Cross-functional working relationships

  • Service giving-Service getting – a project or department receives a service from another function or department
  • Prescribing authority – directly makes task assignments within the system
  • Monitor authority – monitors a defined system and reports anomalies to manager

Why Is Nancy So Slow?

“I knew this would happen,” Javier smiled from his chair in the conference room. “Not a big deal. Roger, when you came to me and said you needed five hours per week of accounting support, I knew you had no idea how much work it really was. You said, five hours, so I assigned Nancy, one of our staff accountants, to your project. She has a lot of other work to do in our accounting department, but I knew she would get a handle on things and report back to me on your project.”
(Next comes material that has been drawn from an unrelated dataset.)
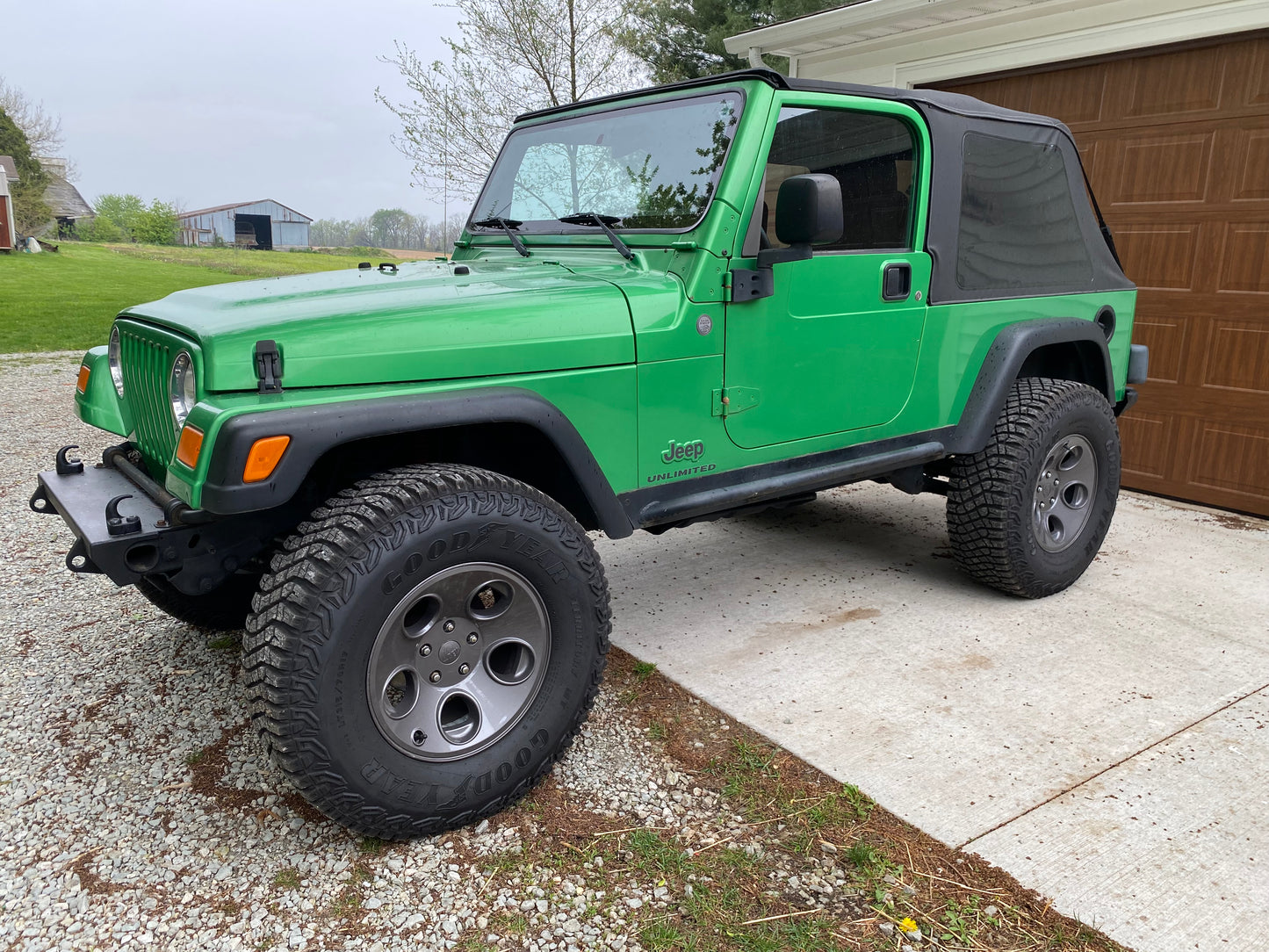 97-06 TJ LJ Steel Front Rock Bumper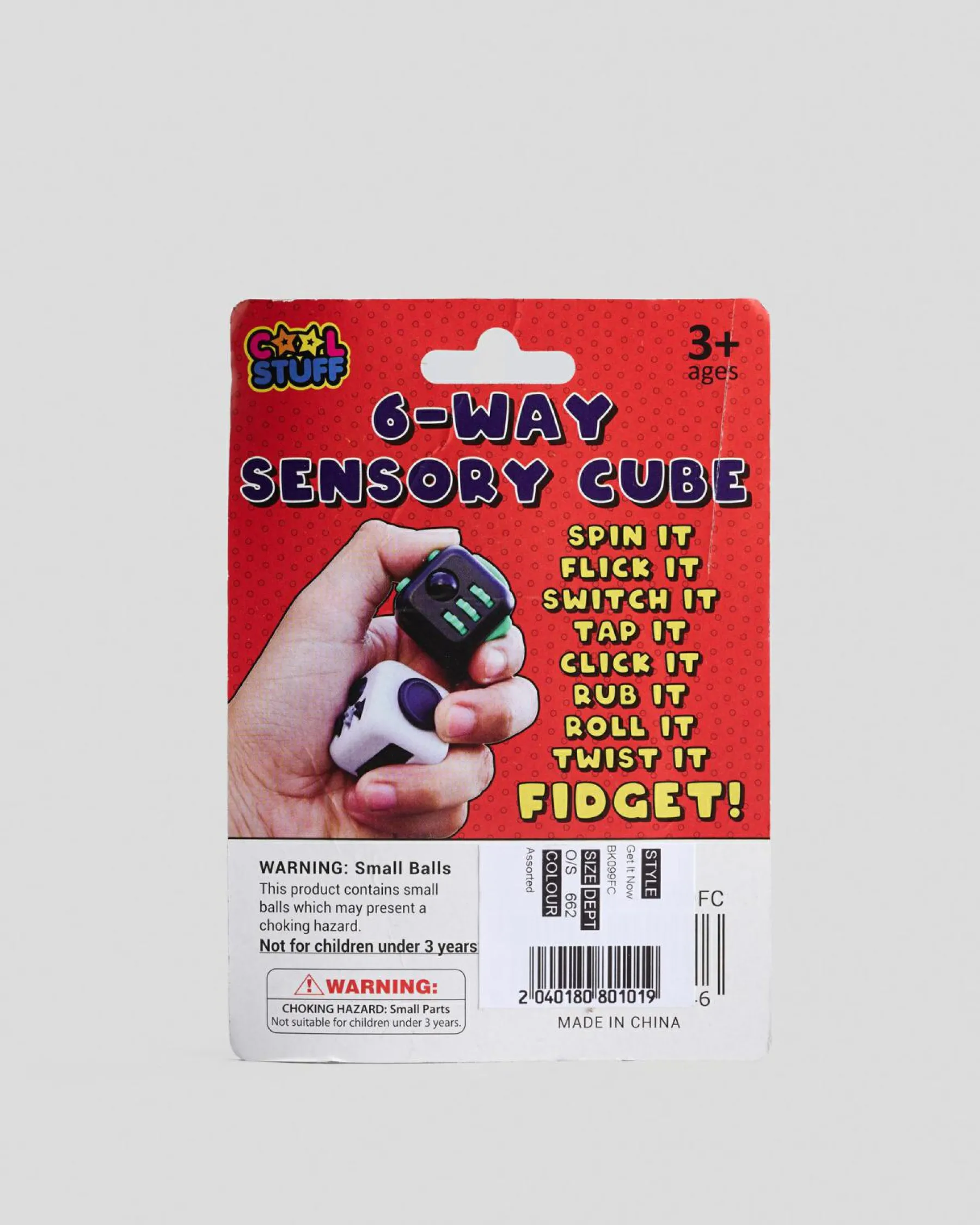Gifts & Novelty|Gifts & Novelty*Get It Now 6 Way Sensory Cube Toy Assorted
“Yes, but, now, I need Nancy for ten hours,” Roger complained. “And, she said she couldn’t give me ten hours.”

“I know,” Javier calmly replied. “Nancy came back to me with a breakdown of the work. You need a couple of hours to code all your paperwork to the right expense accounts on your project, then some time to put that data into our computer accounting system, then about twenty minutes to proof and reconcile the output for the week. And, you are right, if Nancy was going to do all the work, it would likely take ten hours.”

“But, she said she couldn’t give me ten hours. If my project is getting a service from the accounting department, how is this going to work?”

“I talked to Nancy. She is going to do the up-front coding and she is going to proof the output, so she is only going to spend three hours on your project. And, we have a data entry clerk who can bang all those transactions into the computer system in another three hours. This data entry specialist is like lightening on a keyboard. We will still get all your work done, but it will probably only take six hours instead of ten.”

“Why is Nancy so slow on the data entry part?” Roger wanted to know.

“Nancy doesn’t practice on data entry. Her level of work requires judgment to connect the right expenses to the right account codes in our accounting system. It’s a different level of work than data entry. If your project was smaller, I would have Nancy do all the work including the data entry, but your project is bigger than you thought, so we are going to bring in a data entry clerk. That clerk just has to accurately get the data into the computer, there is very little judgment required.”

________S-II – Coding, proofing, reconciling. (Nancy)
____S-I – Data entry. (Data entry clerk)

Is It Just Red Tape?

“Just to be clear,” I repeated. “You expect a junior accountant to work overtime on your project, or if she cannot work overtime, to leave her other work undone while she finishes your work?”

“Look, it’s her work, now,” Roger replied. “She controls the pace and quality of her work. It is up to her to get it all done.”

“But, you arranged, with her manager, for five hours per week to do the accounting on your project. Because the job is bigger than you thought, it takes ten hours. Who resolves the conflict?”

“Her manager manages her other work. I am her manager on this project. She has to figure it out.”

“So, she has two managers? Are you her manager?”

“Yes, I am her manager for this project,” Roger insisted.

“So, if she underperforms or makes an egregious mistake, you can fire her from the company?” I wanted to know.

“Well, no,” Roger said. “Her other manager is in charge of that.”

“And, if she needs skills training, you would make arrangements to approve and send her to that training?”

“No,” Roger shook his head. “Her other manager would do that.”

“Then, you are not her manager.”

Roger sat up straight. “I am her manager on this project,” he stated flatly.

“Roger, you are the manager of this project. You are getting a service from the accounting department in the form of five hours of Nancy’s time per week. You have prescribing authority to directly give her task assignments, up to five hours per week. But if you need ten hours per week, you have to go to Nancy’s manager and negotiate for more time.”

“That seems like a lot of red tape to me,” Roger announced, as he stormed out of the room.